They have this problem because someone lazily told them to put brackets around the conditionally evaluated instructions without ever explaining about brackets and quotation.

I trust you aren't confused that way. You understand that, as usual, Logo evaluates the inputs to a procedure before invoking the procedure. The first input to `if` has to be either the word `true` or the word `false`. Before invoking `if`, Logo has to evaluate an expression like `equalp 2 3` to compute the input. (In this case, the result output by `equalp` will be `false`.) But if the `print` instruction weren't quoted, Logo would evaluate it, too, before invoking `if`. That's not what we want. We want the instruction list itself to be the second input, so that `if` can decide whether or not to carry out the instructions in the list.

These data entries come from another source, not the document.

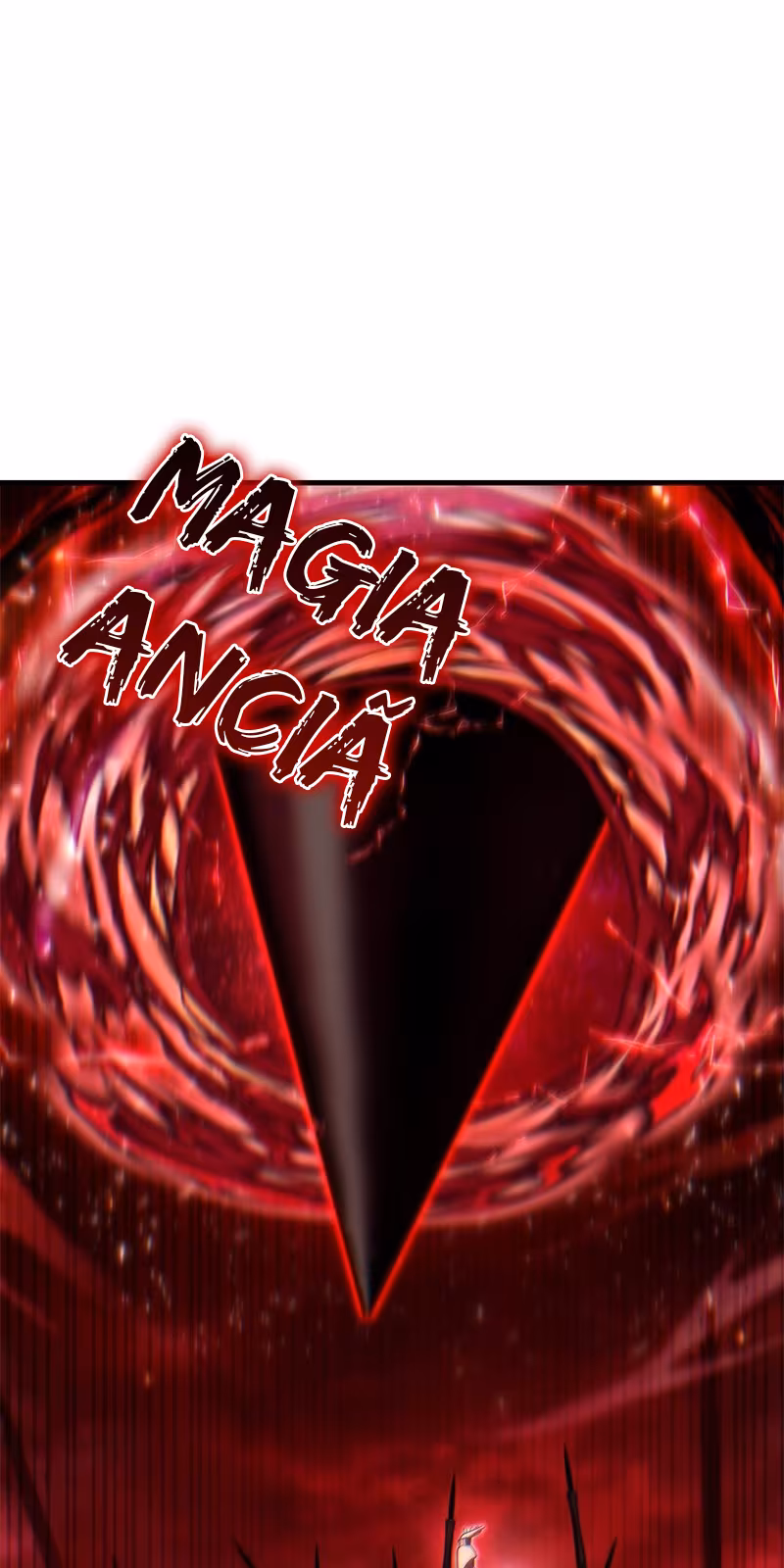 Página do Capítulo 44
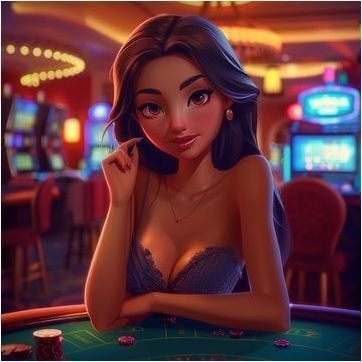 bet247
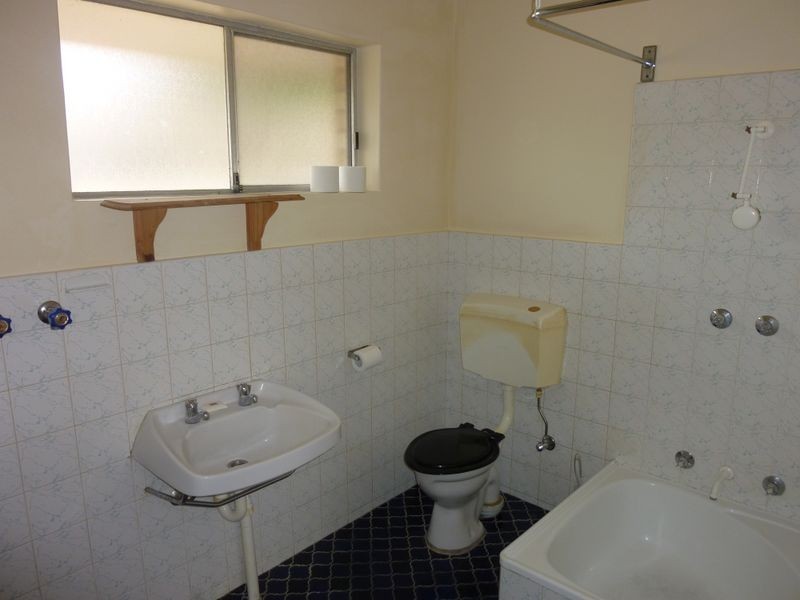 3/360 Wright Road, Para Vista SA 5093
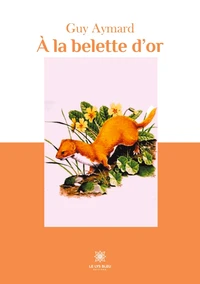 A la belette d'or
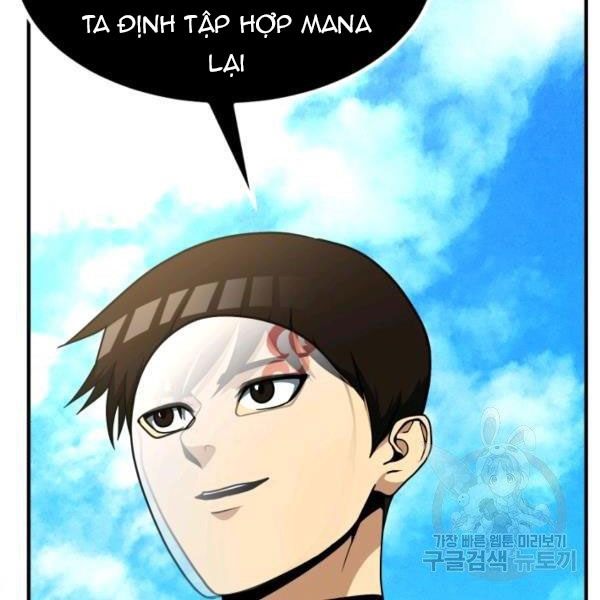 Ngoài nhà là ngục tối chapter 32 - Upload bởi truyensieuhay.com
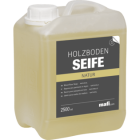 Mafi Holzbodenseife natur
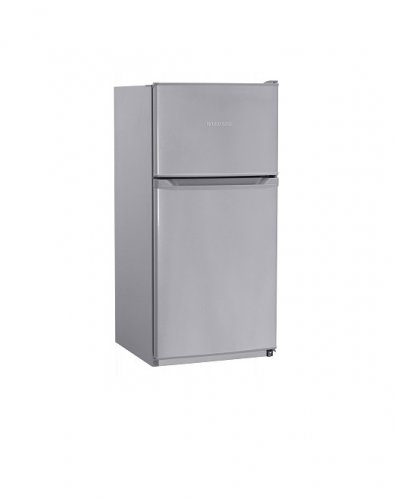 Холодильник Nordfrost NRT 143 332 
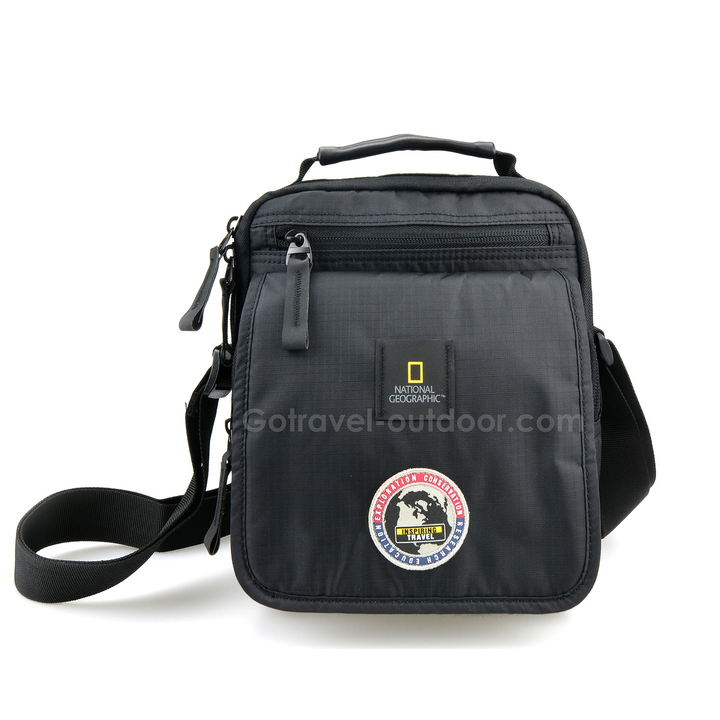 N1122-black-icon.png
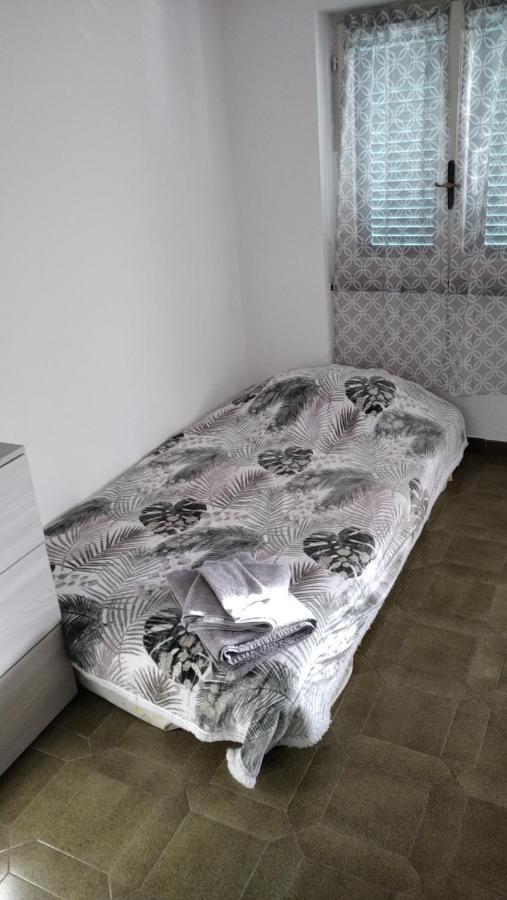 Appartement La Casa Di Andrea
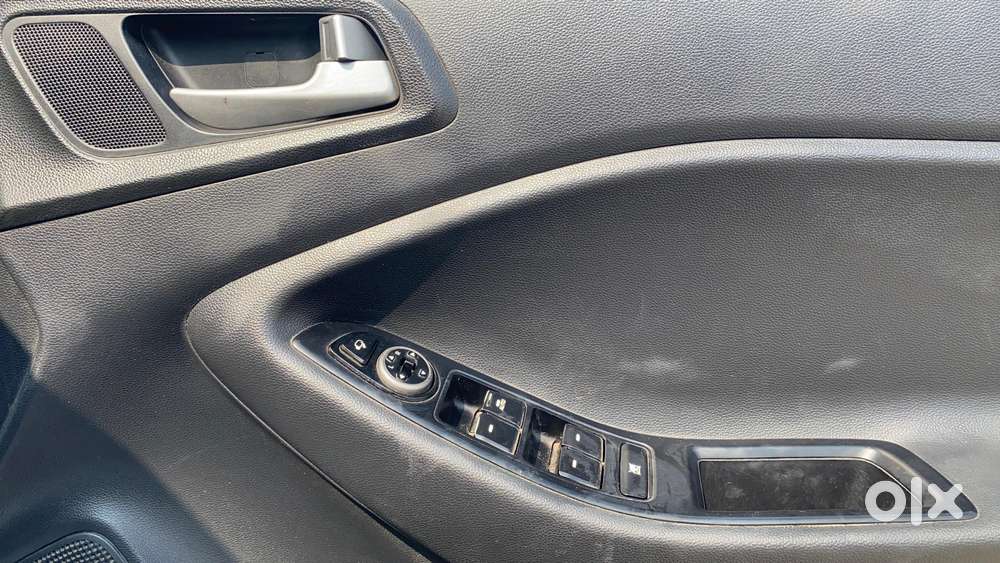 Hyundai I20 Active 1.2 S, 2019, Petrol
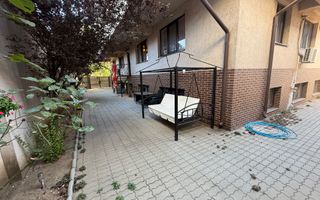 Apartament 58 Mpu + Curte Proprie 167 mp - Imobil 2014 - Poză 3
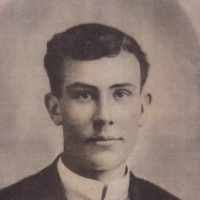 Alonzo Richard Kennington (1874–1964)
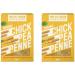 Profusion Chick Pea Penne Grain Free & Gluten Free - 8.8 Oz - Pack of 2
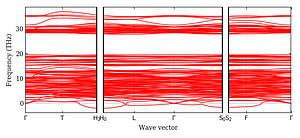 band_structure.png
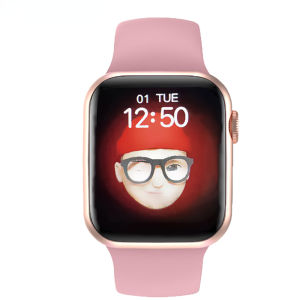 【READY STOCK】2024 NEW original T500 Smart Watch Men Women Sports Smartwatch Heart Rate Monitor Blood Pressure Fitness Tracker For Android and IOS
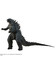 Godzilla - Godzilla 2014 Head to Tail with Sound - 61 cm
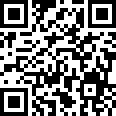 QRコード https://mirunuku.net/?cid=18sprd00317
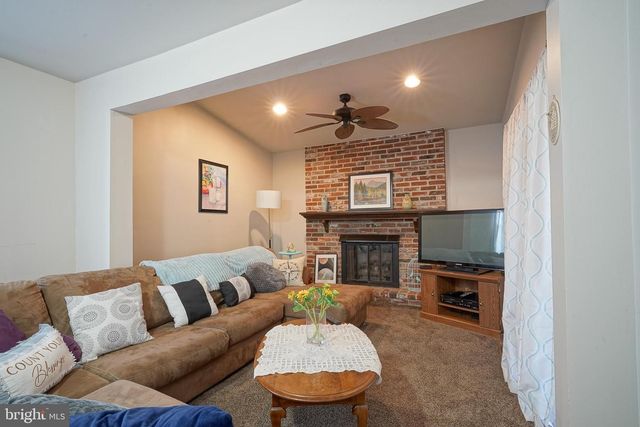 125 CORNELL AVE, Stratford, NJ 08084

So, as usual, we use brackets to tell Logo to quote the list.

actual argument expression-->actual argument value
`equalp 2 3`-->`false`
`[print "really??]`-->`[print "really??]`

## Logical Connectives

Sometimes the condition under which you want to evaluate an instruction is complicated. You want to do it if both this and that are true, or if either this or that is true. Logo provides operations for this purpose.

`And` is a predicate with two inputs. Each input must be either the word `true` or the word `false`. The output from `and` is `true` if both inputs are `true`; the output is `false` if either input is `false`. (`And` can take more than two inputs if the entire expression is enclosed in parentheses. In that case the output from `and` will be `true` only if all of its inputs are `true`.)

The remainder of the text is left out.